━━━ GIVEN DATA

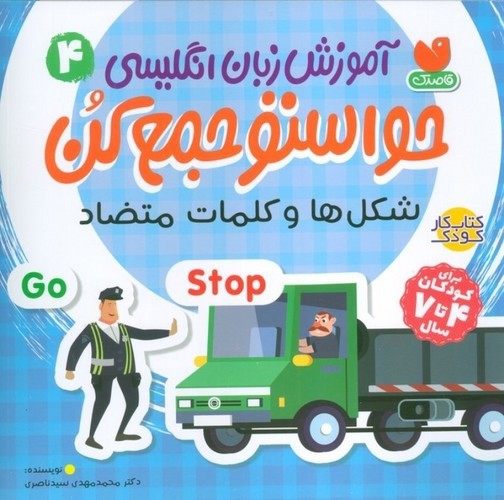 تصویر کتاب آموزش زبان انگلیسی حواستو جمع کن 4 (شکل ها و کلمات متضاد)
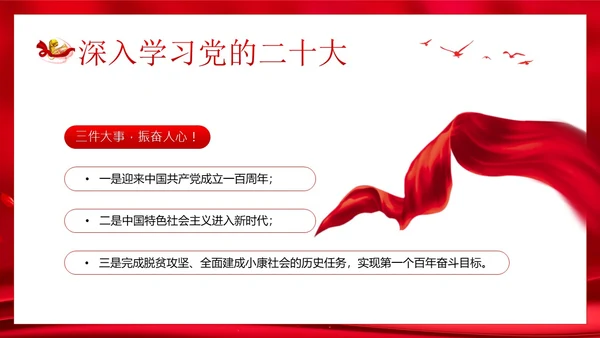 春季开学大学思政开学第一课PPT课件大学开学第一课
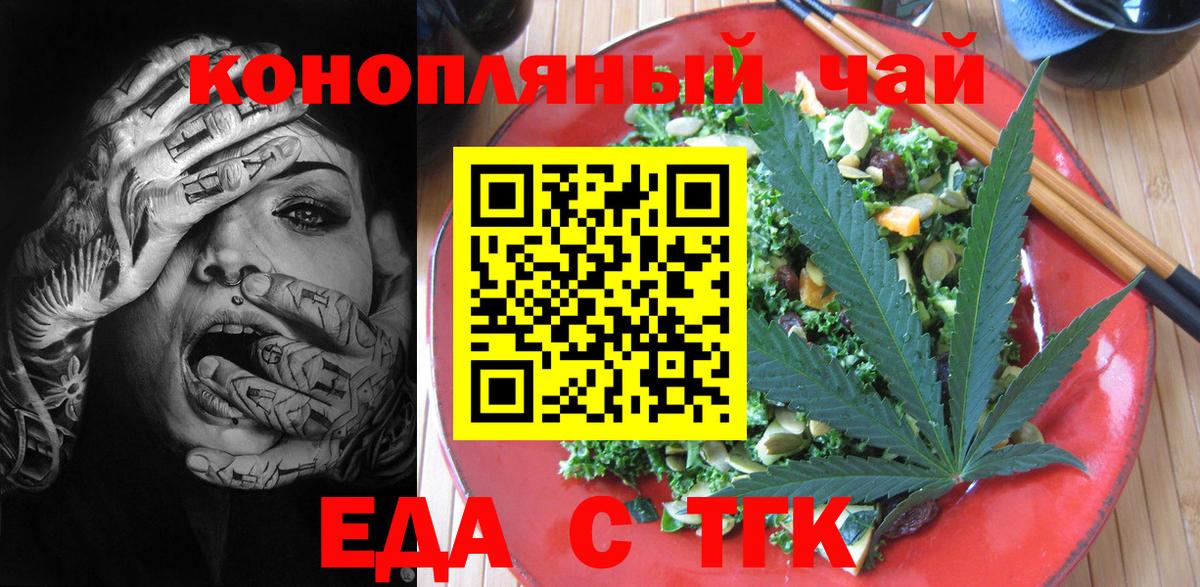 Тихорецк  Canna-Cookies конопля  Вход с VPN 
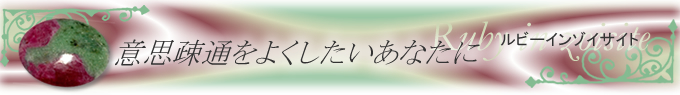 ���r�[�C���]�C�T�C�g�̃u���X���b�g�@�ӎv�a�ʂ��悭���������Ȃ���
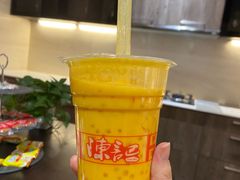 -陈记甜品窝(中山北路店)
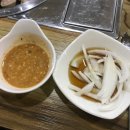 대구소미막창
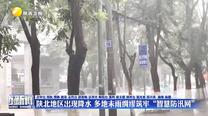 陕北地区出现降水 多地未雨绸缪筑牢“智慧防汛网”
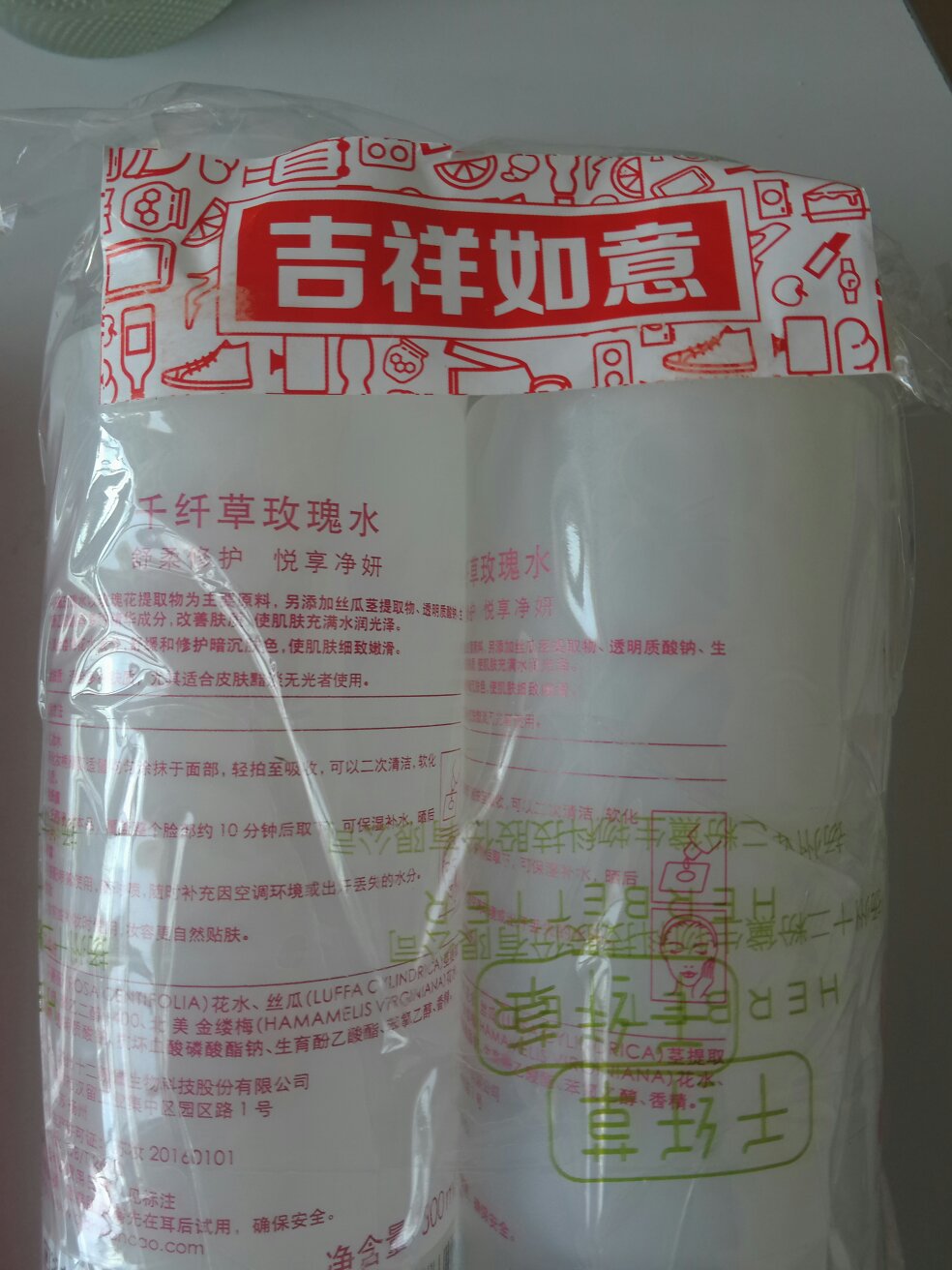 用过一大瓶了,又买很多,愿皮肤水水嫩嫩的,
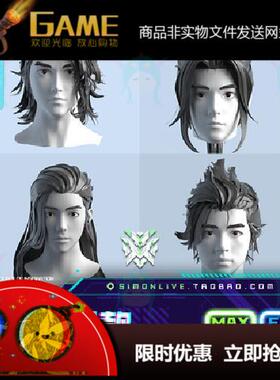 BW49-4款人物角色东方武侠美男头部3D模型FBX OBJ MAX C4D资源素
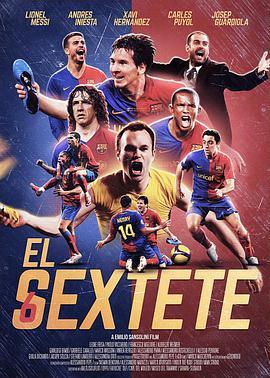 08/09欧洲冠军杯联赛决赛 Final Barcelona vs Manchester United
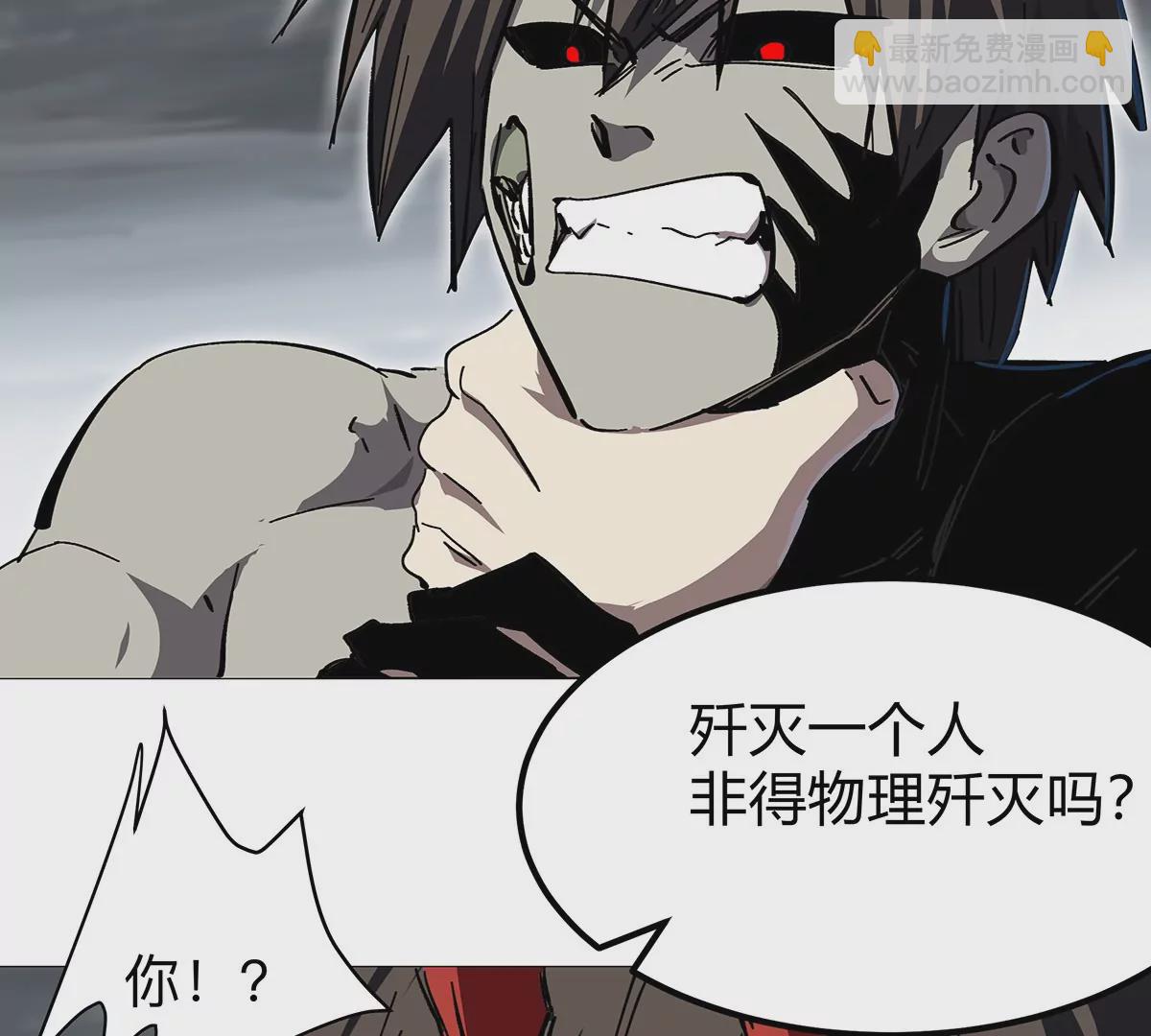 第32话 吓死了？(1/2)-第31话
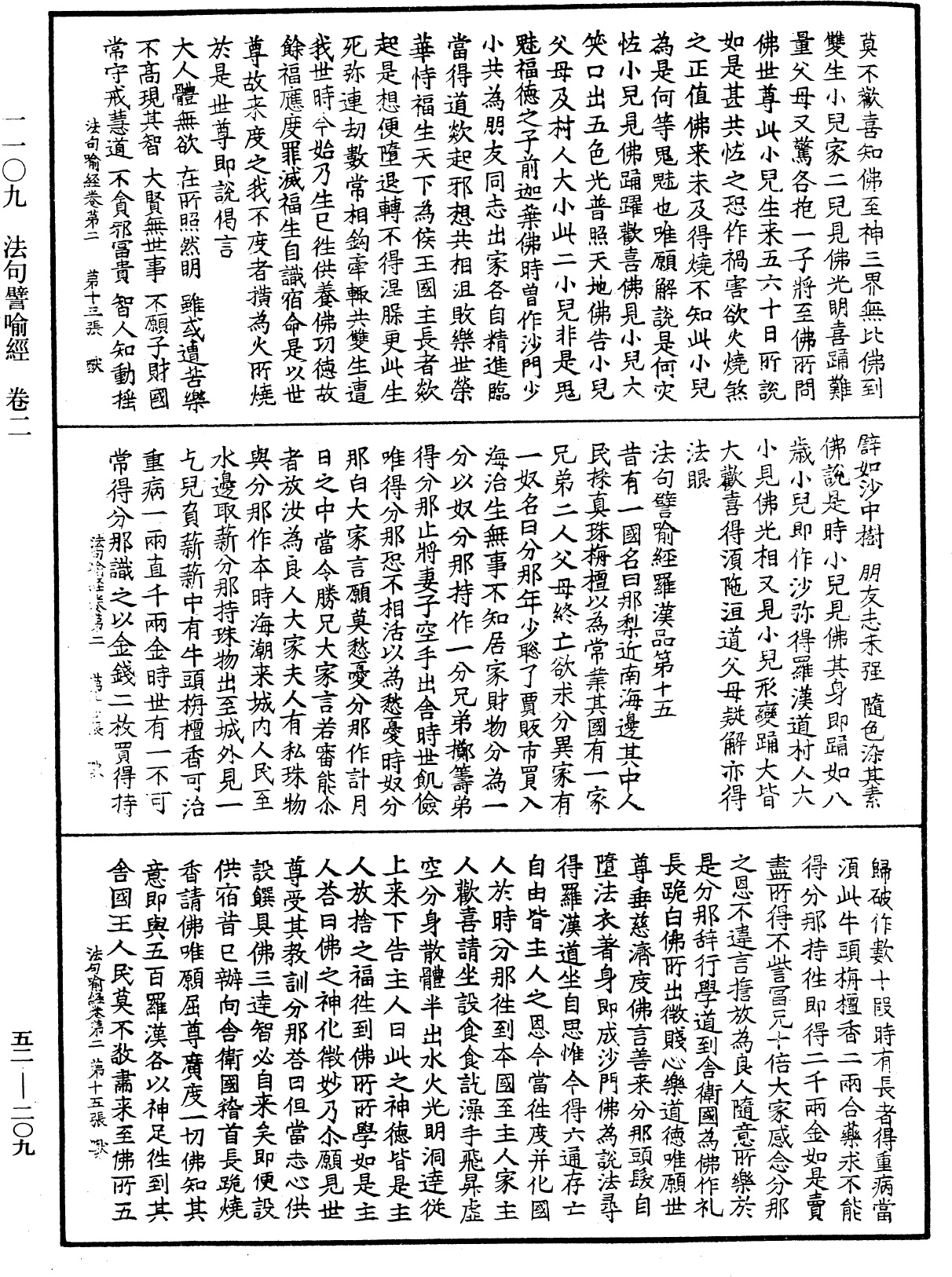 File:《中華大藏經》 第52冊 第209頁.png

━━━━━━

PROMPT:
Every entry, word for word: repeat it, but skip the images.

SOLUTION:
 تصویر کتاب آموزش زبان انگلیسی حواستو جمع کن 4 (شکل ها و کلمات متضاد)
 春季开学大学思政开学第一课PPT课件大学开学第一课
 Тихорецк  Canna-Cookies конопля  Вход с VPN 
 ���r�[�C���]�C�T�C�g�̃u���X���b�g�@�ӎv�a�ʂ��悭���������Ȃ���
 -陈记甜品窝(中山北路店)
 대구소미막창
 陕北地区出现降水 多地未雨绸缪筑牢“智慧防汛网”
 用过一大瓶了,又买很多,愿皮肤水水嫩嫩的,
 BW49-4款人物角色东方武侠美男头部3D模型FBX OBJ MAX C4D资源素
 08/09欧洲冠军杯联赛决赛 Final Barcelona vs Manchester United
 第32话 吓死了？(1/2)-第31话
 File:《中華大藏經》 第52冊 第209頁.png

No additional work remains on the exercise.